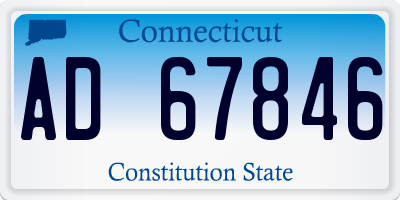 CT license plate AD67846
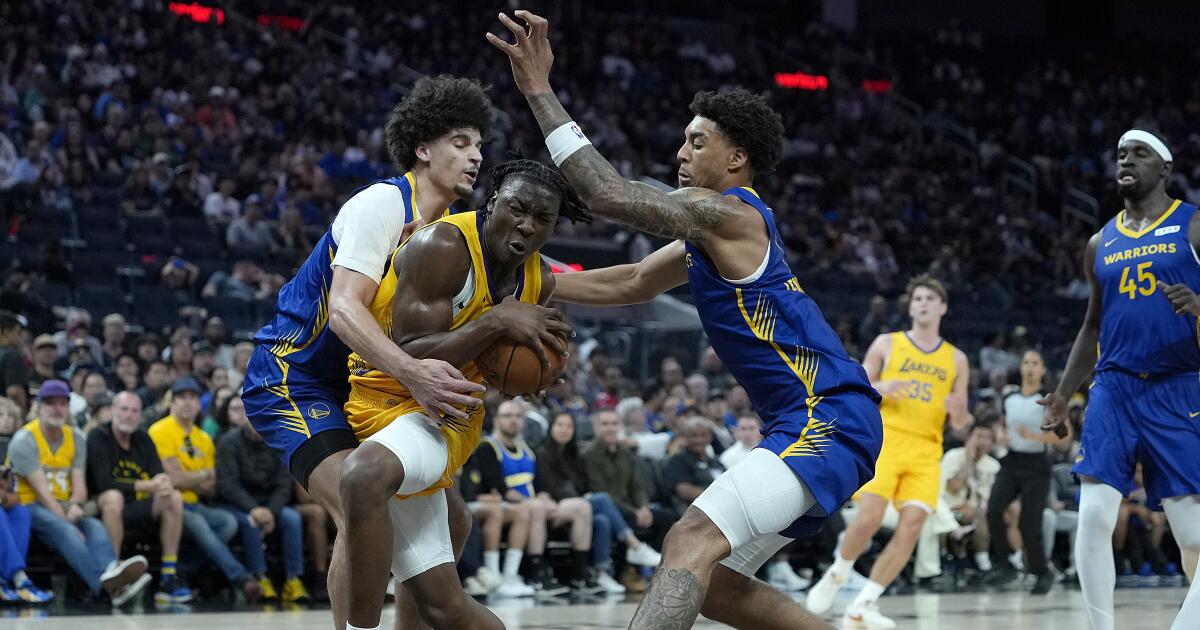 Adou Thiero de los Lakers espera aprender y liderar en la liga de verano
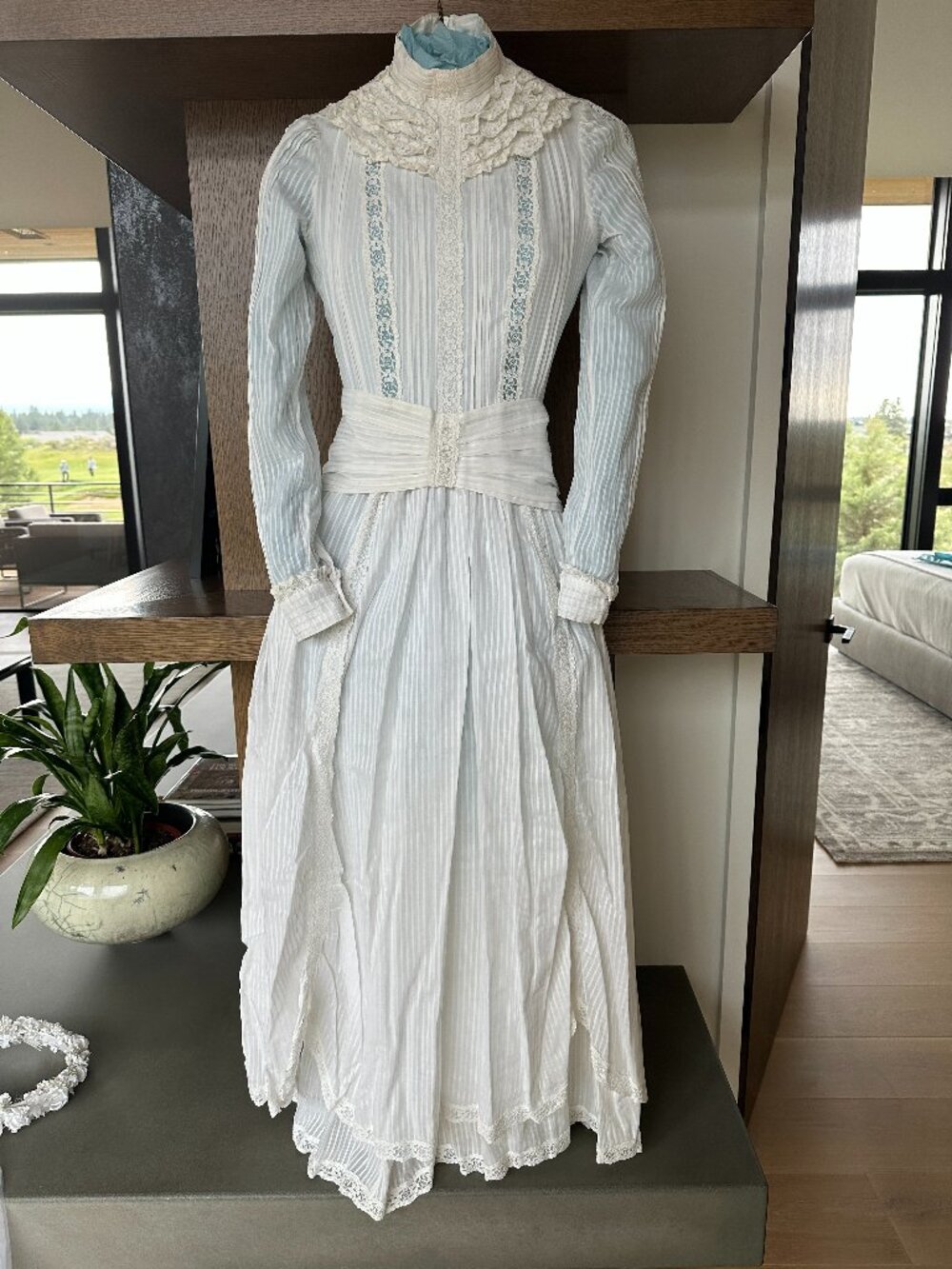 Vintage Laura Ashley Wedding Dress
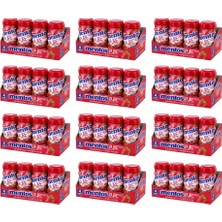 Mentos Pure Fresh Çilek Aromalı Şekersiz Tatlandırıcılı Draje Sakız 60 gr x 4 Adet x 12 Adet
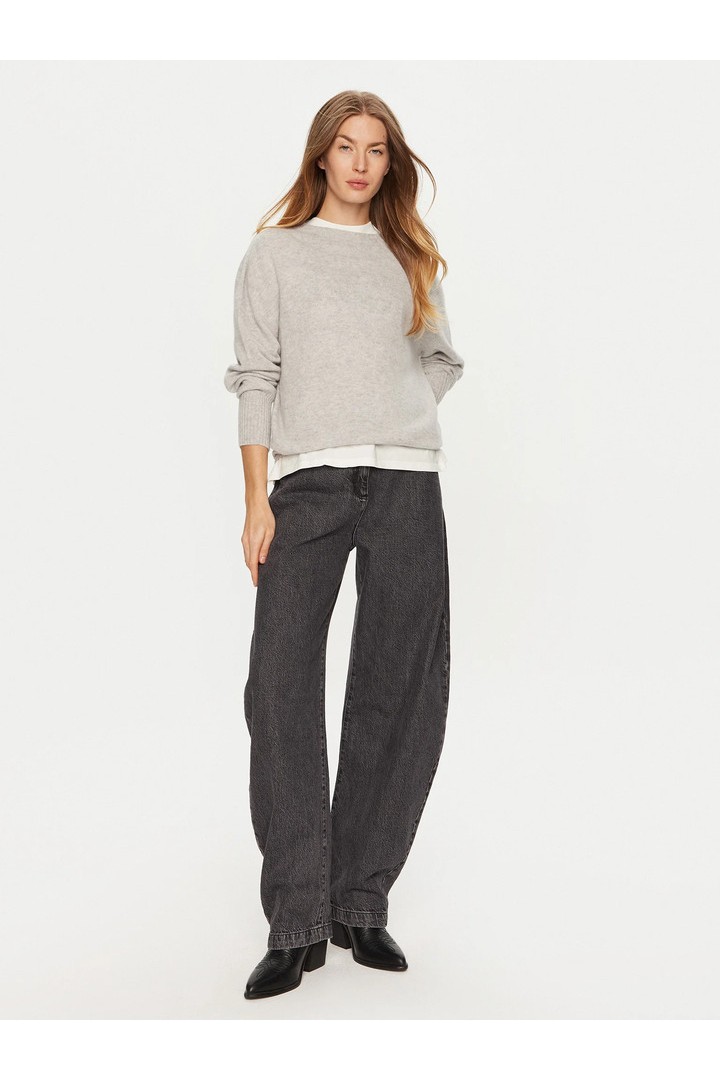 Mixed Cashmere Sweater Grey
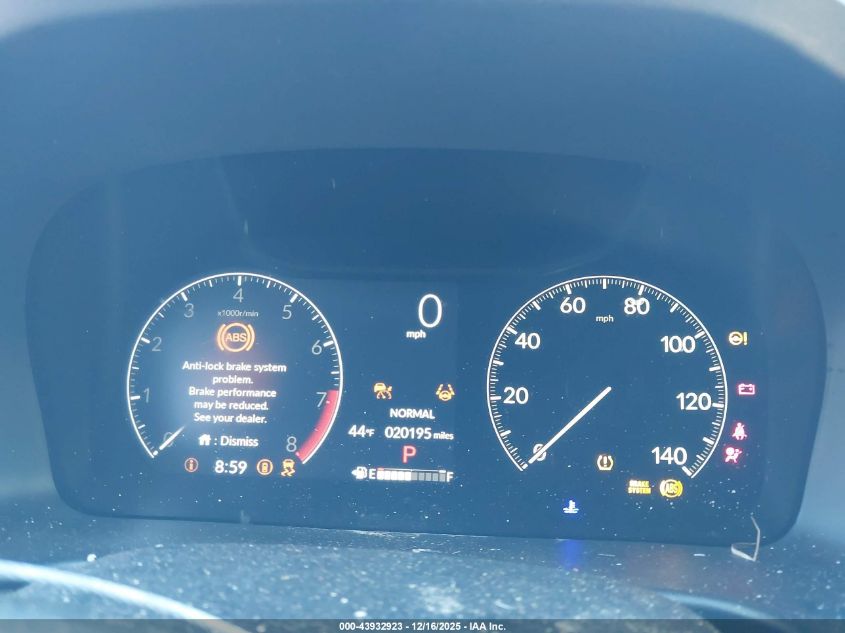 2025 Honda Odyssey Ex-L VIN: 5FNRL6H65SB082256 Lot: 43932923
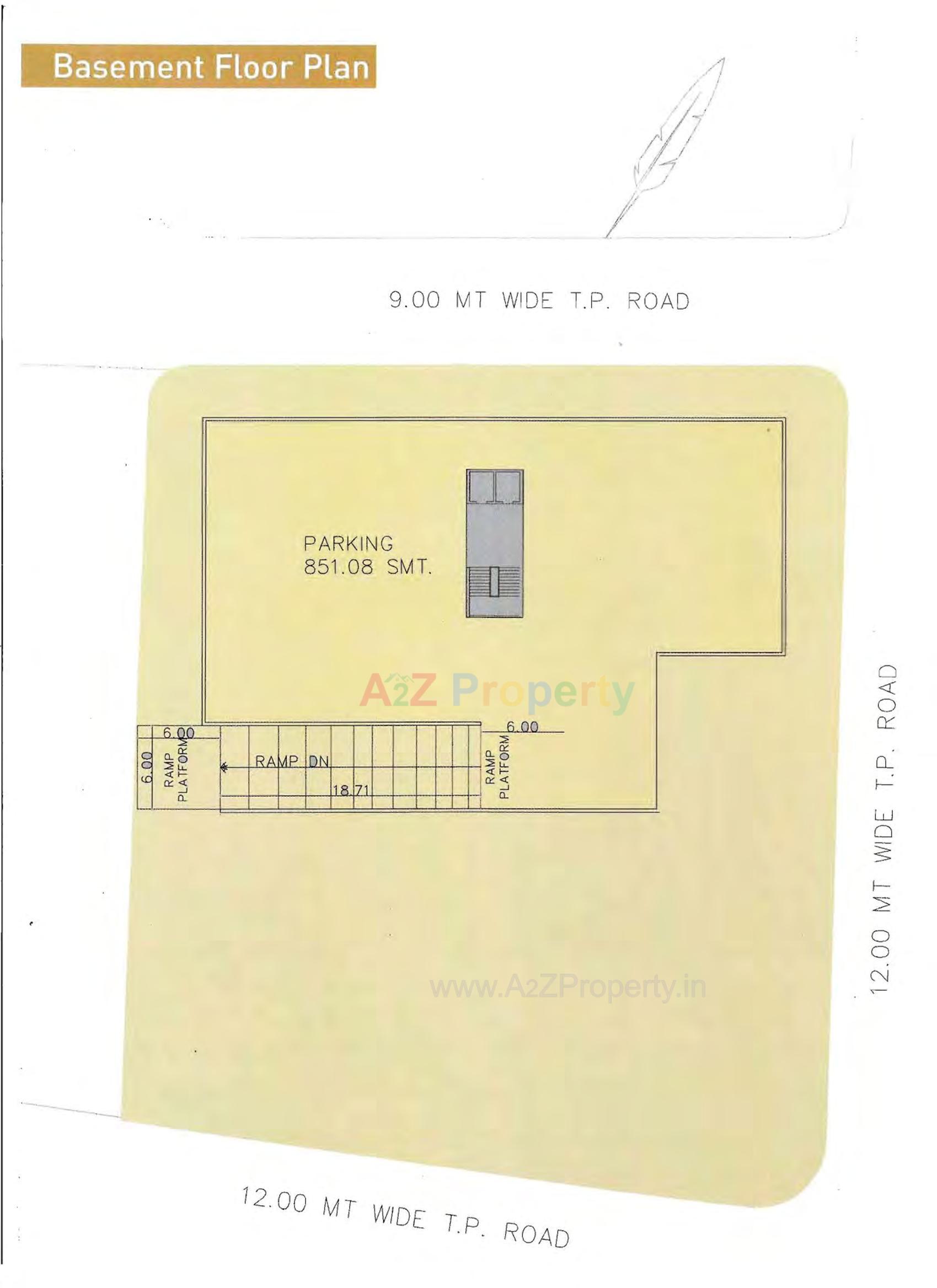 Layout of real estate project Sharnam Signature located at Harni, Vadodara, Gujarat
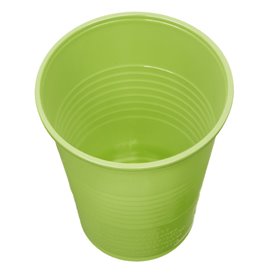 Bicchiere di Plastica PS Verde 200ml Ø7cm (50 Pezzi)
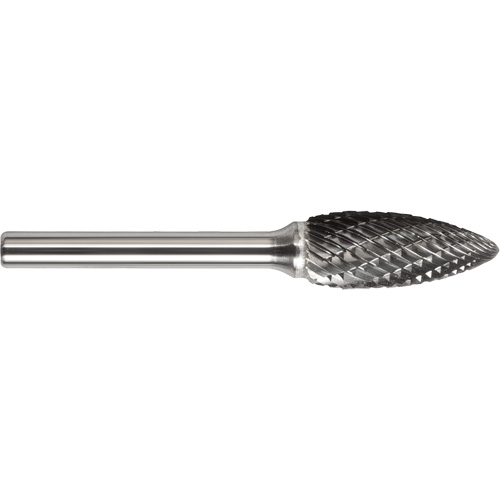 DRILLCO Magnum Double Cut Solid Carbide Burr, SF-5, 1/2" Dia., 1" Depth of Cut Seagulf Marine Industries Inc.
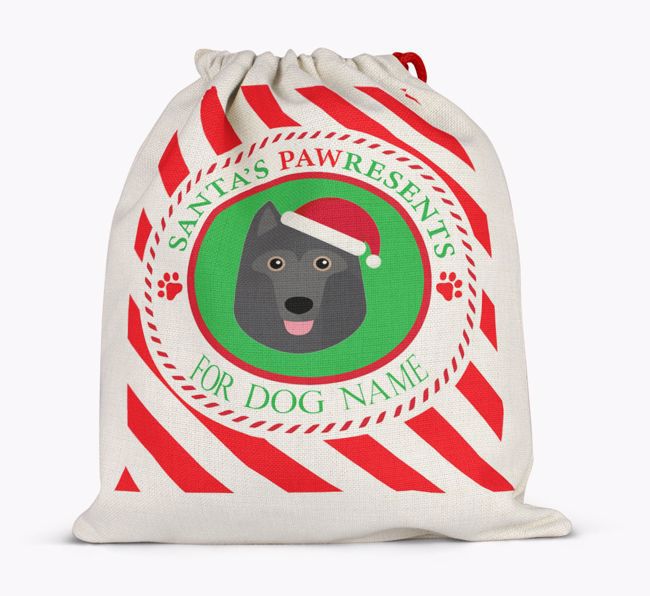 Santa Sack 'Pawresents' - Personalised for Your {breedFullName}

▶ _Task to complete_
Leave the pictures out, and reproduce only the lines from the line holding "Bicchiere di Plastica" through the last line of the material, both included.

▶ _Solution to this task_
 Bicchiere di Plastica PS Verde 200ml Ø7cm (50 Pezzi)
 DRILLCO Magnum Double Cut Solid Carbide Burr, SF-5, 1/2" Dia., 1" Depth of Cut Seagulf Marine Industries Inc.
 Santa Sack 'Pawresents' - Personalised for Your {breedFullName}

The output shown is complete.